GoodTimes searched for other niche opportunities. It signed a ten-year deal for the rights to Late Night with David Letterman. In 1995, it created GoodTimes Publishing, a children's book division aimed at toddlers to eight year olds. The company also pursued licensing opportunities for one of the stars of its fitness videos, Richard Simmons, whose Sweating To The Oldies was a high selling title for GoodTimes. Special units such as GoodTimes Licensing and Merchandising and GoodTimes Foods sought to extend the Simmons brand to low-fat snack foods as well as fitness apparel and footwear. Just as it had vertically integrated its video business, GoodTimes hoped to do the same with celebrities that worked with the company. In this vein, country singer Naomi Judd was signed to a licensing and merchandising deal intended to take advantage of a talk show she was set to begin hosting in the fall of 1997. Again, GoodTimes contemplated a wide array of products under the Naomi Judd name, including cosmetics, skin-care products, apparel, and packaged foods. The talk show, however, proved unsuccessful.
These ventures outside of the video business failed to establish GoodTimes as a diversified entertainment company. In the late 1990s, the company struggled to find a suitable business mix for a changing environment. There was speculation that GoodTimes was preparing to go public in 1998, stoked by the implementation of cost-cutting measures that led observers to conclude the company was dressing its balance sheet in preparation of an offering. Because the video business had peaked years earlier, however, any attempt by GoodTimes to go public was never realized.
GoodTimes narrowed its focus and looked for profitable niches to exploit in the video industry. In 2000, GoodTimes became heavily involved in the Christian market, distributing the video of The Omega Code, a low-budget Christian film that in 1999 showed surprising strength at the box office. After grossing $14 million at the box office, it sold over one million units for GoodTimes in videotape.

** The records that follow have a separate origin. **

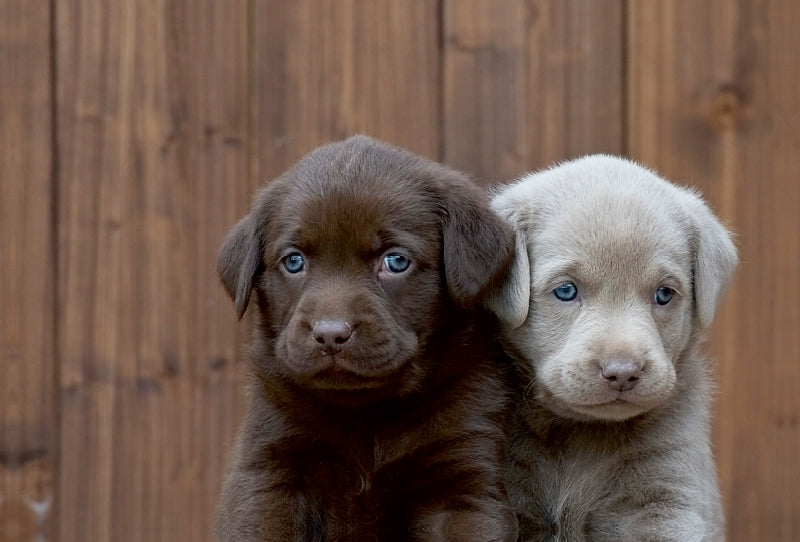 Premium Textil-Leinwand Labrador Geschwister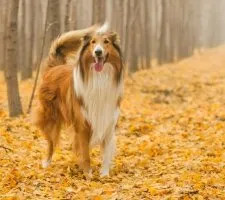 Collie kutya fajta leírás, fotók, az ár a kölykök, vélemények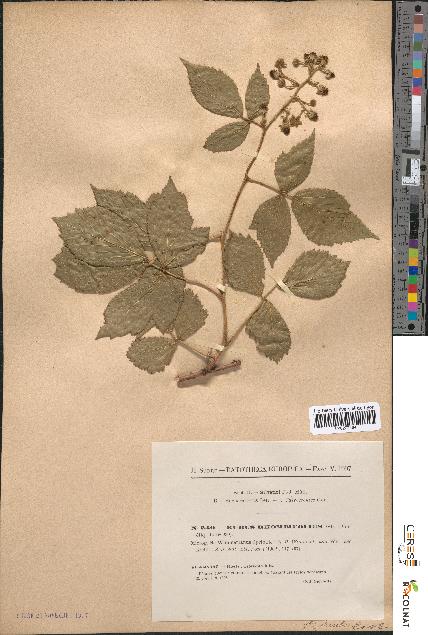 spécimen de Rubus rhombifolius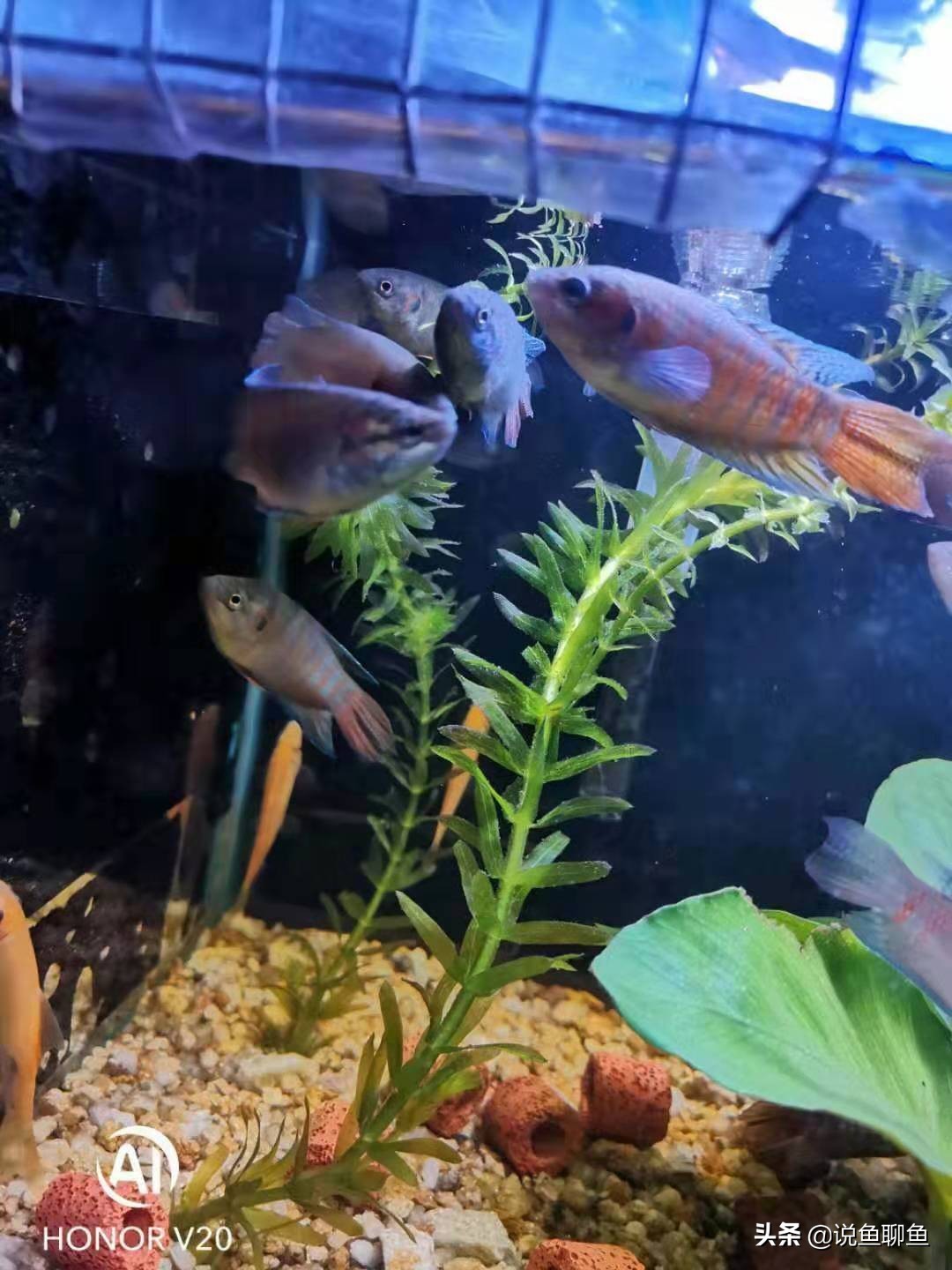 粉丝发私信求救,粉丝向主播求救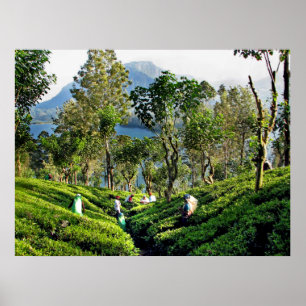 Tea Plantation Poster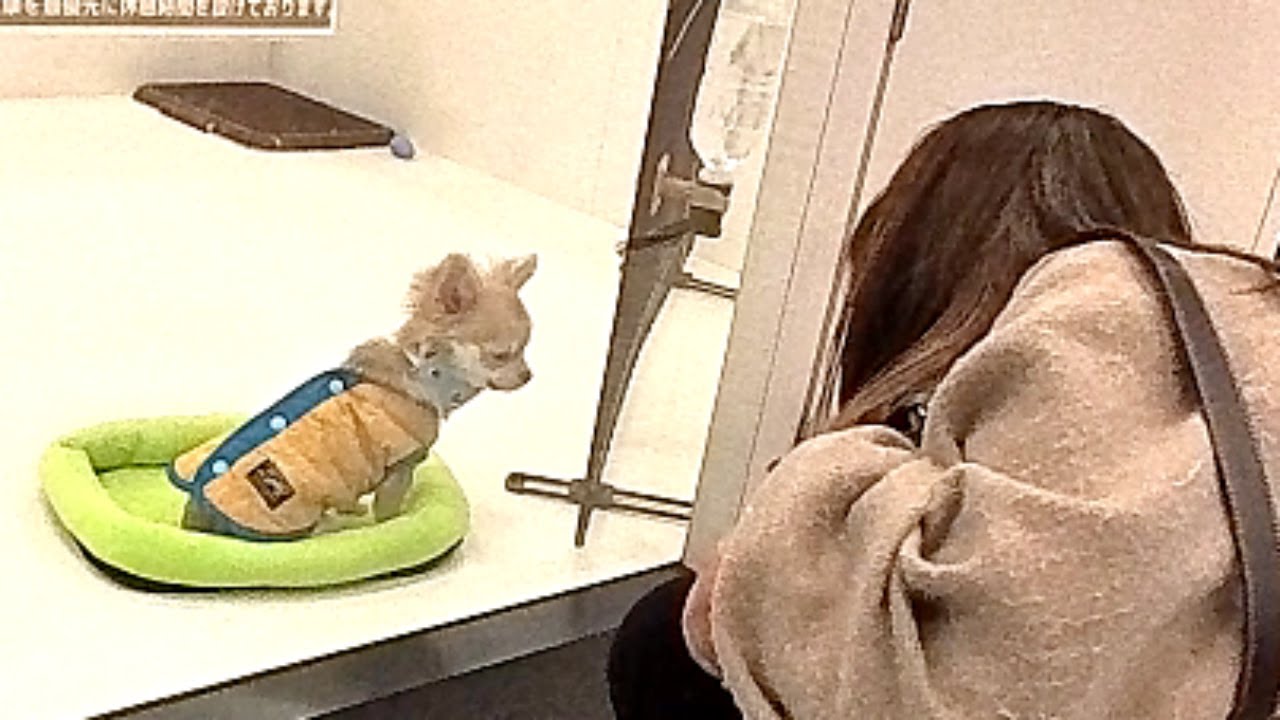 この子犬を見た瞬間、涙が止まらなかった😭あの日から止まっていた時間が再び動き出した日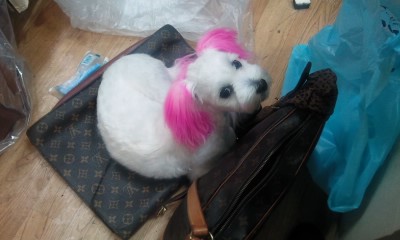 김해장유 무계리앞에서 말티즈를 찾아주세요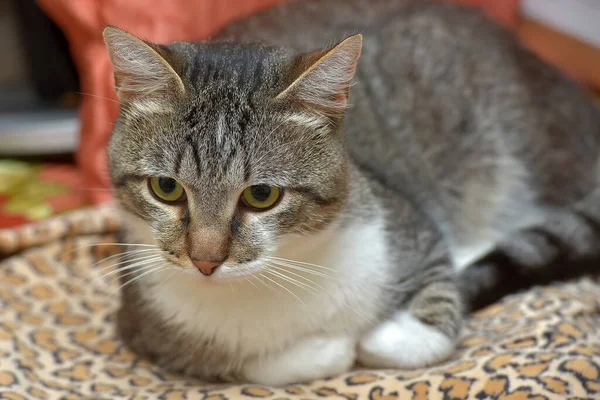 Niedliches Grau Mit Brauner Und Weißer Miezekatze Auf Der Couch — Stockfoto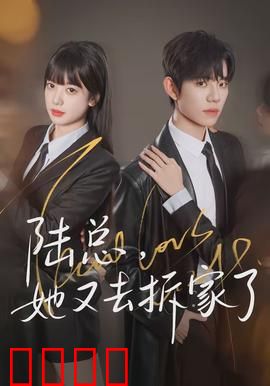 陆总，她又去拆家了：甜宠爆笑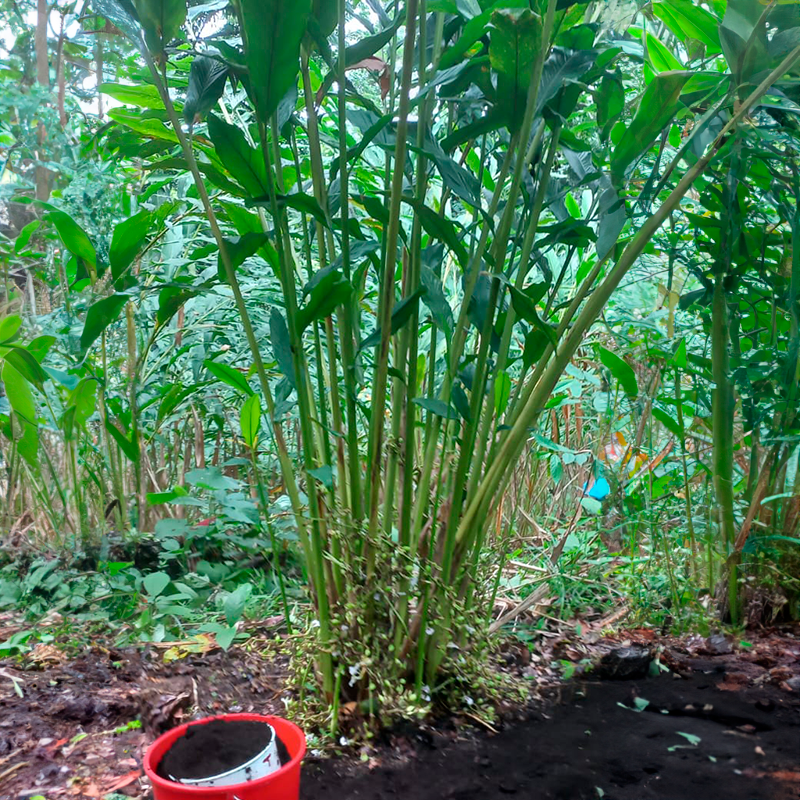 Cosecha Cardamomo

In 2001, GoodTimes signed a ten-year deal with the producers of The Omega Code, Gener8Xion Entertainment, to produce and distribute at least four movies a year. With a steady source of product in hand, GoodTimes then established the Bethlehem label for Christian-oriented videos. To serve as president and lead GoodTimes into a new era, the former president of PolyGram Video, Bill Sondheim, was hired. The company then entered another niche market when in the summer of 2001 it signed a five-year deal to distribute videos and DVD's with the Broadway Television Network, which had been created to produce pay-per-view broadcasts of popular Broadway shows. Because the broadcasts attracted relatively few viewers and were limited to a single showing, the upside for video sales appeared promising. GoodTimes planned to release four to five titles each year. Sondheim was already well familiar with this type of programming, having distributed Cats, Lord of the Dance, and The Three Tenors during his time at PolyGram. GoodTimes even used the Broadway connection with Richard Simmons, producing Broadway Sweat/Tone-Up on Broadway, while at the same time repackaging his earlier fitness titles. Whether the new niche businesses would prove profitable for GoodTimes remained an open question. What was certain, however, was that the company had the entrepreneurial spirit to continuously adapt and search out new niche opportunities.
Principal Competitors: AOL Time Warner Inc.; Viacom Inc.; Walt Disney Company.